Tonto National Forest Loses 7,470 Acres to Fire

Forest Fire

On Friday, June 7th, 2019, a forest fire was reported in Tonto National Forest. Since then, 7,470 acres of forest have been lost to the fire and firefighters are still trying to contain the fire.

As of June 10th, the fire is 50% contained and many more acres of forest are expected to be lost. According to officials, the fire was human-caused but gave no further insight.

Dry and Windy Conditions

Due to the rising temperature, many areas are becoming drier. When it comes to forests, only disaster follows. Dry conditions make it easier for forest fires to begin and expand.

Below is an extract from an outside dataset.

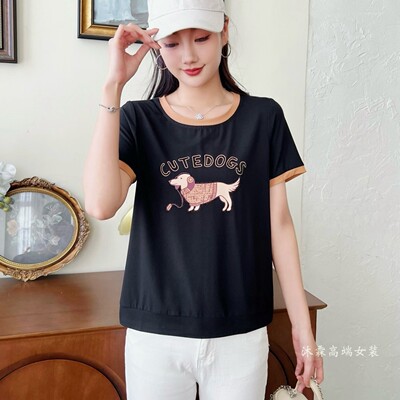 雅姿赏色珊瑚花2026夏季新款上衣大码显瘦宽松修身百搭t恤衫77506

In particular, dried brush from trees make the perfect fuel for fire and helps spread it to nearby trees. On top of this, the windy conditions have helped accelerate how far and quickly the fire is spreading.

The fire is currently spreading East and Northeast due to the wind.

How Are Firefighters Handling It

Bartlett Lake

Forest fires are becoming more common as the climate changes. Thus, firefighters have a lot more experience in dealing with them. Firefighters are using helicopters to dump water on the fire from Bartlett Lake.

Typically, firefighters are broken up into two teams. The Hotshots and Smokejumpers. Hotshots are a 20-man team that tries to stop the fire from spreading. They clear the area the fire is heading to and remove fuel like the dried brush.

Smokejumpers are highly trained firefighters which are deployed by parachutes. Their job is to detect and suppress small fires before they get a chance to spread.

Once the area is contained, the fire will continue to burn for weeks, if not months. However, it will not spread any further.

Forest Fires Will Become More Common

Climate change is making our planet warmer and drier, which in turn, makes forest fires more common. Unless we drastically change overnight, forest fires will claim millions of acres of forest every year.

Of course, there are some solutions for forest fire prevention. A very ironic one involves logging. Yes, you can save a forest by cutting down trees in overcrowded areas. This will help slow or even prevent fires from spreading.